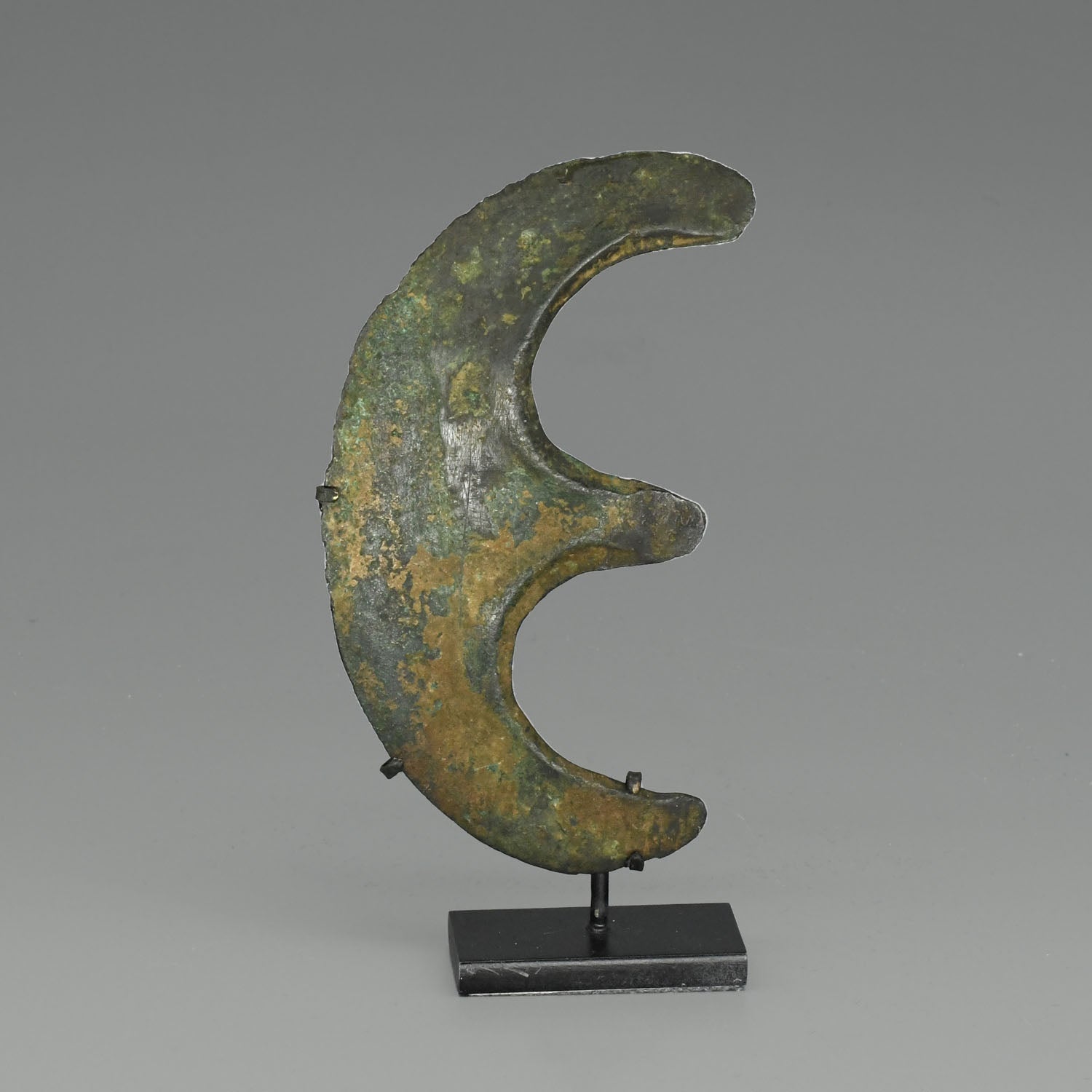 A rare Egyptian Epsilon Copper Battle Axe, Middle Kingdom, Dynasty 11- 12, ca. 2040 - 1786 BCE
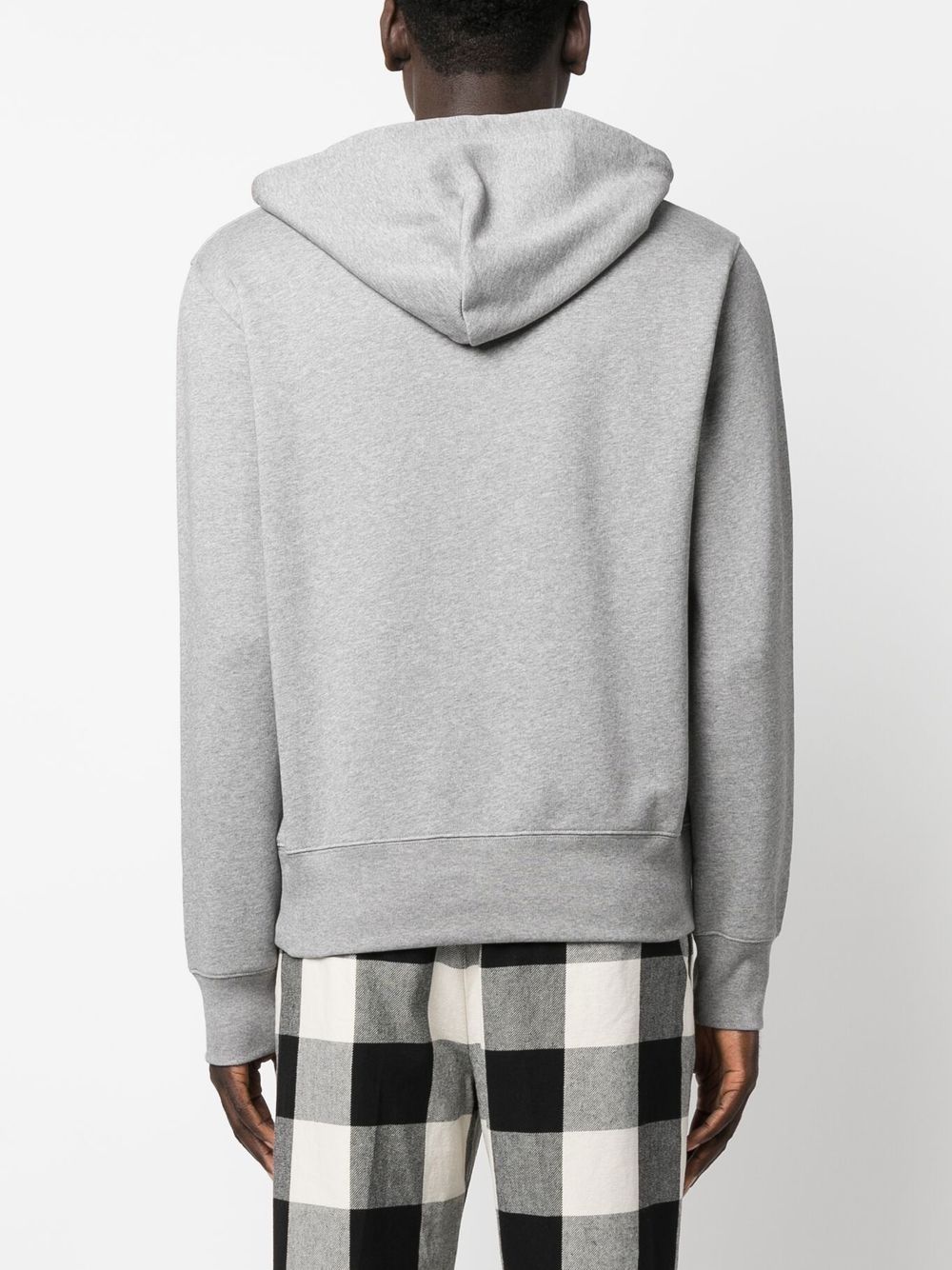 Acne Studios face logo-patch cotton hoodie - Image 5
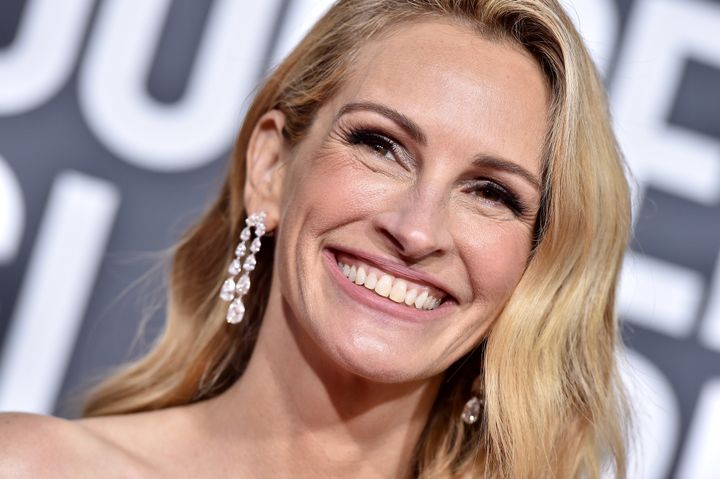 Julia Roberts was all smiles at the Golden Globes on Sunday.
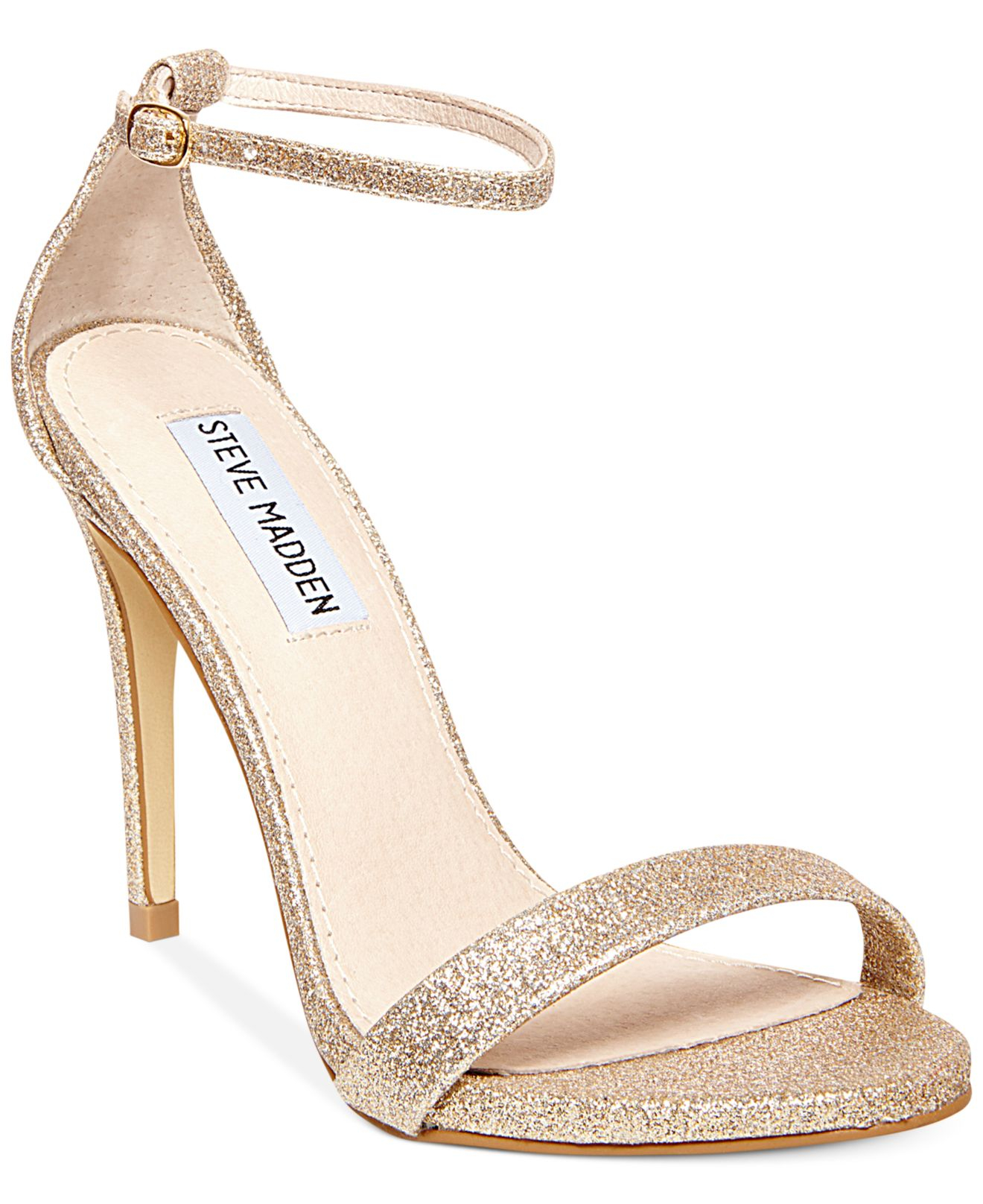 gold glitter steve madden heels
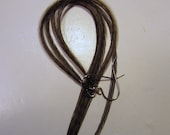 long thin Feather earrings  olive tiger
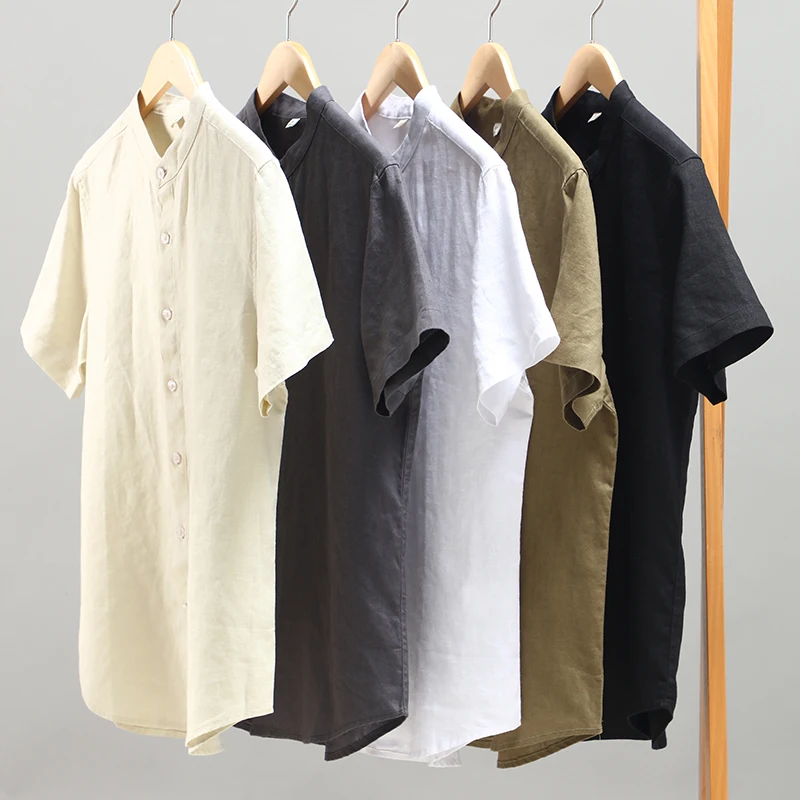 100% Linen Premium Shirts For Men Short Sleeve Classic Loose Fit Summer New Quality Breathable Easy Care Solid Camisas De Hombre
100% Linen Premium Shirts For Men Short Sleeve Classic Loose Fit Summer New Quality Breathable Easy Care Solid Camisas De Hombre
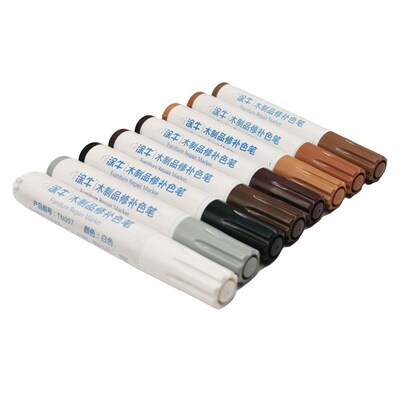 50色修色笔补漆笔木器家具修补色笔复合地板木制品划痕露白封边
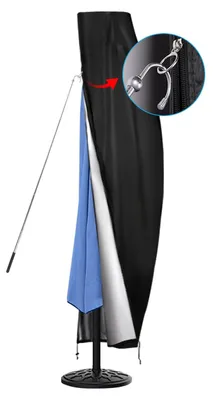 Productafbeelding van Omgoods - Waterdichte Parasolhoes voor Buiten, 3.4m - 4m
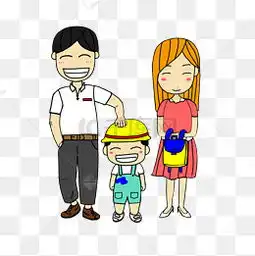 一家3口卡通图片一家3口卡通素材图片一家3口卡通素材图片免费下载千库网png
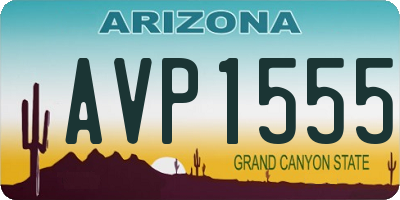 AZ license plate AVP1555
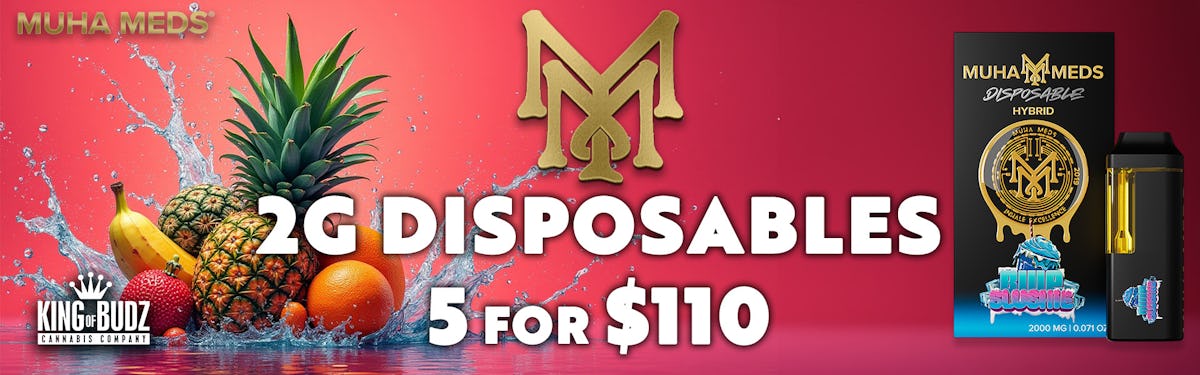 Muha Meds 2g Disposables 5/$110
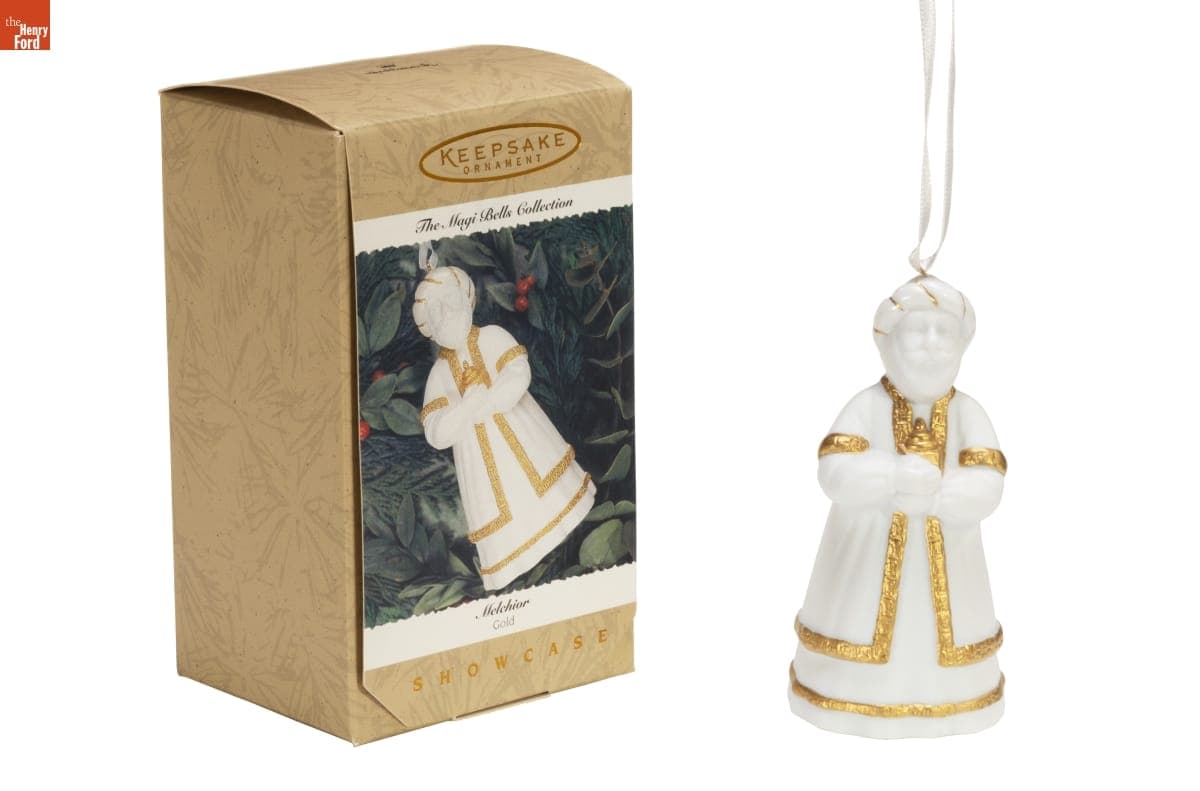 Hallmark "Magi Bells: Melchior (Gold)" Christmas Ornament, 1996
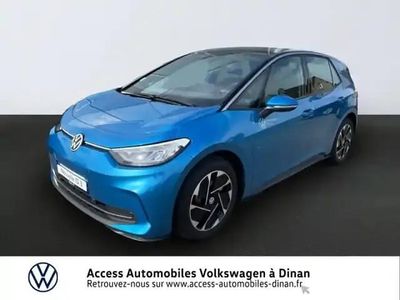 Bleu côte d'azur métal/toit/hayon noir Occasion 2023 VW ID.3 Pro Performance Citadine | 27 990 € (Prix assez cher)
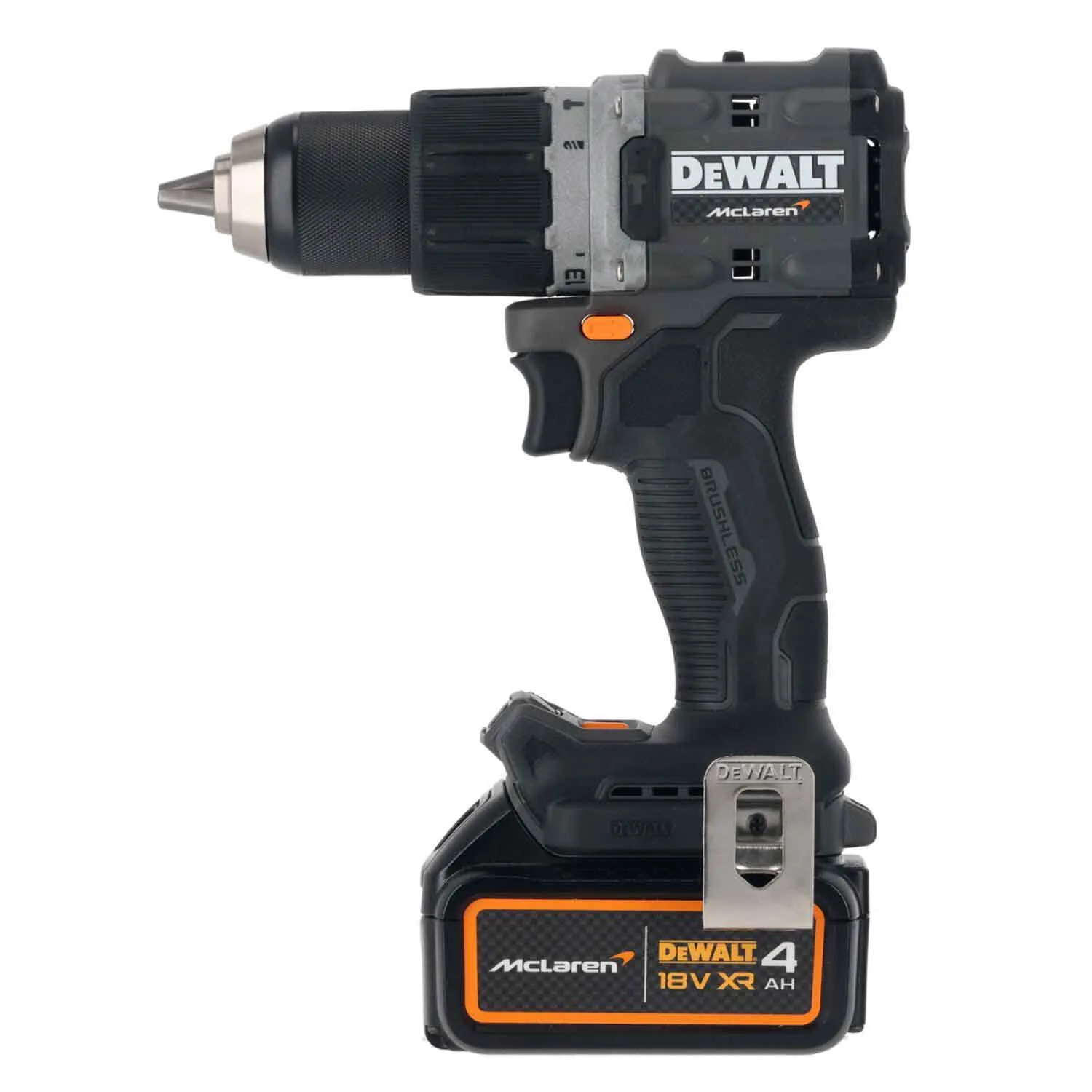 Ударный дрель-шуруповерт DeWALT DCD85MM2T, лимитированная серия McLaren F1 TEAM.
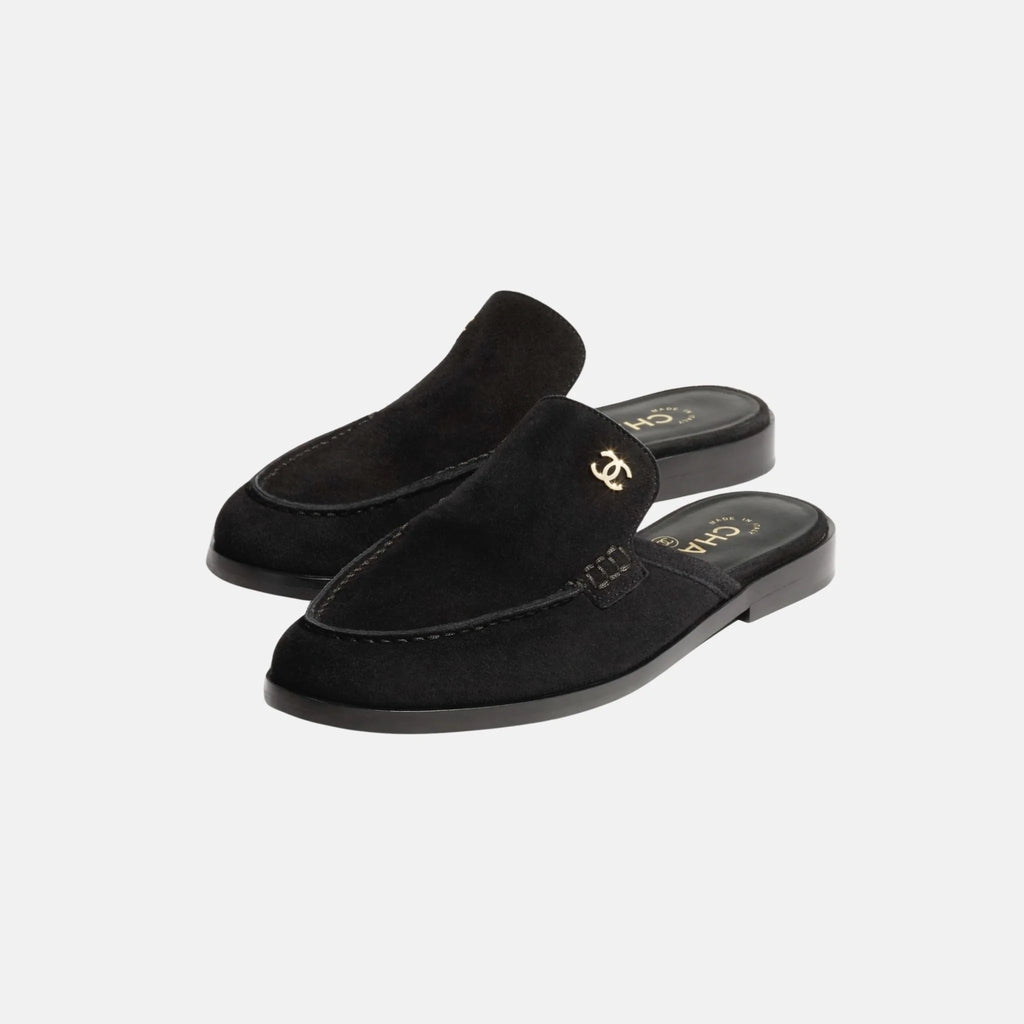 Mules In Black Calfskin Chanel оригінал – Купити в Україні – вид ззаду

● ● ● ●

Everything from the line containing "Productafbeelding van Omgoods" through the final line of the material must be set down exactly, except the pictures.

_Result below_
 Productafbeelding van Omgoods - Waterdichte Parasolhoes voor Buiten, 3.4m - 4m
 一家3口卡通图片一家3口卡通素材图片一家3口卡通素材图片免费下载千库网png
 AZ license plate AVP1555
 Muha Meds 2g Disposables 5/$110
 Hallmark "Magi Bells: Melchior (Gold)" Christmas Ornament, 1996
 Bleu côte d'azur métal/toit/hayon noir Occasion 2023 VW ID.3 Pro Performance Citadine | 27 990 € (Prix assez cher)
 Ударный дрель-шуруповерт DeWALT DCD85MM2T, лимитированная серия McLaren F1 TEAM.
 Mules In Black Calfskin Chanel оригінал – Купити в Україні – вид ззаду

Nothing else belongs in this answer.